Recorded information below:

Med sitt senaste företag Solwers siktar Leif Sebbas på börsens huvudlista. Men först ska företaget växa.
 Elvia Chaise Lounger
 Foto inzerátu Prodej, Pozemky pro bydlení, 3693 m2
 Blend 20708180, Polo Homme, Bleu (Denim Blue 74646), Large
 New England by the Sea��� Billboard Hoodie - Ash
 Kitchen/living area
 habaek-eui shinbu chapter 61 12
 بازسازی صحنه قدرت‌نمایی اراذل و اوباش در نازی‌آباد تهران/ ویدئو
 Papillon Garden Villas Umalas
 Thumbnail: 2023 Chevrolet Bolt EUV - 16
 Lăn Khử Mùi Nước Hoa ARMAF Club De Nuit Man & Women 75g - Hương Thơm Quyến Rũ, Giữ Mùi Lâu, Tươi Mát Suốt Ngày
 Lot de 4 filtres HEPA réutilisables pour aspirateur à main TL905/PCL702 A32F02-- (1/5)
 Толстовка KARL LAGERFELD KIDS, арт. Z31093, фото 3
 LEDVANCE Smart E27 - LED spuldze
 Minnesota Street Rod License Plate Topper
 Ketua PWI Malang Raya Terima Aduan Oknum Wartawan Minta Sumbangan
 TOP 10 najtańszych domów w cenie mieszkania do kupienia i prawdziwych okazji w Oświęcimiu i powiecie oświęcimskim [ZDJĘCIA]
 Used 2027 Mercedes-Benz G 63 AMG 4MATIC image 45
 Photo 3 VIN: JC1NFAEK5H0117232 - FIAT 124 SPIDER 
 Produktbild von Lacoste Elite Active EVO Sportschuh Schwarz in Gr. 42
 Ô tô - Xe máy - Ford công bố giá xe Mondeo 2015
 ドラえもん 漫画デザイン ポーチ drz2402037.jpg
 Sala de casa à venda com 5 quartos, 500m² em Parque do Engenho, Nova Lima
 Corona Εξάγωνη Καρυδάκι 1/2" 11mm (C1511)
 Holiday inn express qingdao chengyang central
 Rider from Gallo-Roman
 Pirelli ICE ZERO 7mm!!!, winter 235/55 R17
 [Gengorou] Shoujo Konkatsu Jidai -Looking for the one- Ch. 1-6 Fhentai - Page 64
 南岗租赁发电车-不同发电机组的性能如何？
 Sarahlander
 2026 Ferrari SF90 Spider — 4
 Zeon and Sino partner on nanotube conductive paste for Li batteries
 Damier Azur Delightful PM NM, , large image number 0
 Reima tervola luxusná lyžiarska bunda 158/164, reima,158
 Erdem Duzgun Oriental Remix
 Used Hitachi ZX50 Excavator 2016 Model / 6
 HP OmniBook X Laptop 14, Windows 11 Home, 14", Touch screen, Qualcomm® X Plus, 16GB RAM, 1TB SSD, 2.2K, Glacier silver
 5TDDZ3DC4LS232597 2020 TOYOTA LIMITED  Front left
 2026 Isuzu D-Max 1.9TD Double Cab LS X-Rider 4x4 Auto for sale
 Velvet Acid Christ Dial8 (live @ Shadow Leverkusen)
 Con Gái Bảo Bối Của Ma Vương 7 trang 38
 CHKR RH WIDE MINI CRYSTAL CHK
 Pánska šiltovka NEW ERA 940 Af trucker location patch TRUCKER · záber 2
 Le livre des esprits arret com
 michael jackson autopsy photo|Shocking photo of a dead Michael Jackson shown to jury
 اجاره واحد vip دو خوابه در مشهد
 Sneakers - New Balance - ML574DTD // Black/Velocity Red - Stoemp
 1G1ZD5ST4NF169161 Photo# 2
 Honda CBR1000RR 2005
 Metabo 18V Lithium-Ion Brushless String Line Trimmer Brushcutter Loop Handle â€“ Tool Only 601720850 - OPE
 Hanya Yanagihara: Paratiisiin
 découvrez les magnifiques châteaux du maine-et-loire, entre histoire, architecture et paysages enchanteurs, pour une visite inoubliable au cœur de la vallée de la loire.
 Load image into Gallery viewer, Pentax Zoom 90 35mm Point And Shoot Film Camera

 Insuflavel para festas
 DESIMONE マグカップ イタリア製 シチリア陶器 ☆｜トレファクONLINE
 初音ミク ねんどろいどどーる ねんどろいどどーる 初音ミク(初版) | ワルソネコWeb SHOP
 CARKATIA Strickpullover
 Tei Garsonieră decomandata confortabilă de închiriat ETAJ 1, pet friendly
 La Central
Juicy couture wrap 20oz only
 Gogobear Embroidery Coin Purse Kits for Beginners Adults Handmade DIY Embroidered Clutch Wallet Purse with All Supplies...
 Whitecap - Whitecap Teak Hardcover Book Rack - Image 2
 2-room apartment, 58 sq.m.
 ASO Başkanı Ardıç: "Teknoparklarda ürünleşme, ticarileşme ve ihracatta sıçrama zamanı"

End of Recorded information.

Every line from the line containing "5TDDZ3DC4LS232597 2020 TOYOTA" through the line containing "CARKATIA Strickpullover" in the records above must be retyped exactly. Leave out the rest.

 5TDDZ3DC4LS232597 2020 TOYOTA LIMITED  Front left
 2026 Isuzu D-Max 1.9TD Double Cab LS X-Rider 4x4 Auto for sale
 Velvet Acid Christ Dial8 (live @ Shadow Leverkusen)
 Con Gái Bảo Bối Của Ma Vương 7 trang 38
 CHKR RH WIDE MINI CRYSTAL CHK
 Pánska šiltovka NEW ERA 940 Af trucker location patch TRUCKER · záber 2
 Le livre des esprits arret com
 michael jackson autopsy photo|Shocking photo of a dead Michael Jackson shown to jury
 اجاره واحد vip دو خوابه در مشهد
 Sneakers - New Balance - ML574DTD // Black/Velocity Red - Stoemp
 1G1ZD5ST4NF169161 Photo# 2
 Honda CBR1000RR 2005
 Metabo 18V Lithium-Ion Brushless String Line Trimmer Brushcutter Loop Handle â€“ Tool Only 601720850 - OPE
 Hanya Yanagihara: Paratiisiin
 découvrez les magnifiques châteaux du maine-et-loire, entre histoire, architecture et paysages enchanteurs, pour une visite inoubliable au cœur de la vallée de la loire.
 Load image into Gallery viewer, Pentax Zoom 90 35mm Point And Shoot Film Camera

 Insuflavel para festas
 DESIMONE マグカップ イタリア製 シチリア陶器 ☆｜トレファクONLINE
 初音ミク ねんどろいどどーる ねんどろいどどーる 初音ミク(初版) | ワルソネコWeb SHOP
 CARKATIA Strickpullover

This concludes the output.